Robbie Ray – Named the 5th starter on the D’Backs. I could move Ray up in my top 100 starters, but the 5th starter job in Arizona feels like it’s going to be a revolving door like prison doors installed by Dukakis.
James Paxton – Sent to the minors because the Mariners can’t trade him away for pennies on the dollar and they’ve run out of other more creative ways to screw up their rotation. Meh, I’m just joking, Paxton did nothing really to warrant much loyalty. He’ll be back at some point, and until then JB still has the possibility of Shane Greene in the Tigers rotation. I removed Paxton from my top 80 starters, and Nate Karns, his replacement, was already ranked there.
Brock Holt – Named the Red Sox left fielder. Brock Holt for President! This might seem to move Holt from waiver guy to everyday fantasy guy, and it does, in very deep leagues (like 15-team mixed and deeper). In most leagues, Holt is still a waiver guy that has excellent eligibility. He should be on The Bachelor!
Shane Victorino – Re-signed by the Cubs to a minor league deal. That leaves the Cubs with only seven major league outfielders. Hopefully they can still survive if they get themselves in a 24-inning game.
Javier Baez – Will start the year on the DL. Down to six!
Anthony DeSclafani – Dealing with an oblique strain and will miss at least his first week start. The Reds hope by the time they need a fifth starter, DeSclafani will be ready. Right now, they have Alfredo Simon and Jon Moscot as their final two rotation starters. Those two can also be described as “Who Shot Gilbert Grape?”
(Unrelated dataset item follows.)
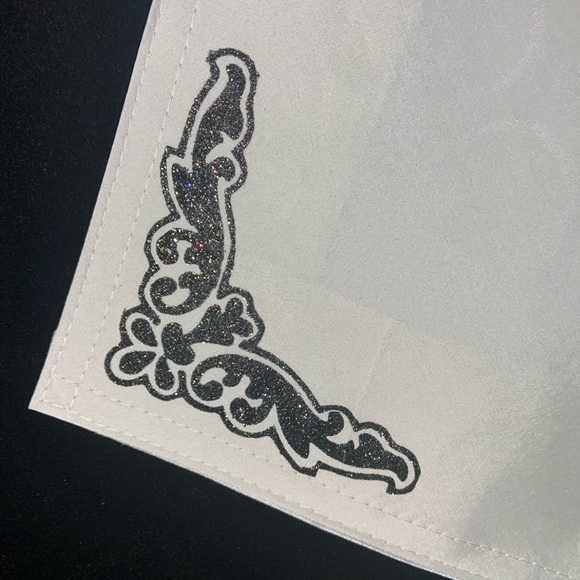 ☑️SOLD☑️ “Family is forever” table runner ♾💕 - Picture 3 of 6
Yasmani Grandal – Expected to be ready for Opening Day. The other day he took some dry swings. Is it just me or when you read about someone taking dry swings do imagine people standing just off to the player’s side ready to throw water balloons?
Will Smith – Will will (even smaller) will rehab his knee rather than operating on it. Which is another way of saying, he’ll fail to rehab his knee correctly and have surgery in about three months.
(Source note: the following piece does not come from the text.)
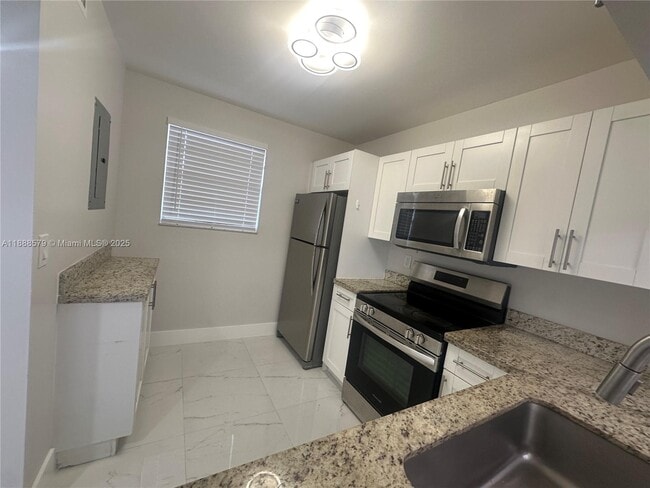 10353 NW 8th St in Pembroke Pines, FL - Building Photo - Building Photo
Hyun-soo Kim – Orioles want to send him to the minors, but they need his consent for that. He could also be sent back to Korea after looking lost in the Grapefruit league. In fairness to him, Koreans don’t really know of grapefruits. In the Mung Bean Sprouts League, he would’ve killed. Also, the O’s train in Sarasota and, until about a week ago, Kim was looking for Sammy Sosa. I had little to no expectations for Kim in my top 80 outfielders, so I’m not going to change his projections, assuming he’ll be back at some point.
Jesus Montero – Was picked up by the Blue Jays. Toronto will hope to have the same magic with Montero as they had with previous Mariner castoffs, Justin Smoak and Michael Saunders. Which is to say no real success, but making him enticing in theory.
Aaron Sanchez – Won the 5th starter job. I’m not shizzing you when I say, I didn’t even know Sanchez was in danger of not getting the 5th starter job. Gavin Floyd is a great, close friend to John Danks, and Likes everything he posts on Facebook, but he’s not much competition for Sanchez. A-A-Ron was already in the top 80 starters too.
Lonnie Chisenhall – Hit the DL with tightness in his forearm. That’s what he gets for trying to squeeze in five arms!
Jeff Francoeur – Made the Braves’ Opening Day roster. Reporters said he’ll provide leadership in the dugout. No fooling around, Francoeur doesn’t seem like a leader, he seems like the old person that you mess with. Not, “Let’s go to Frenchy for wisdom,” but “Let’s tell Frenchy a UFO just landed on the roof and they want to seem him on the roof naked right now,” then take photos of him when he goes up there.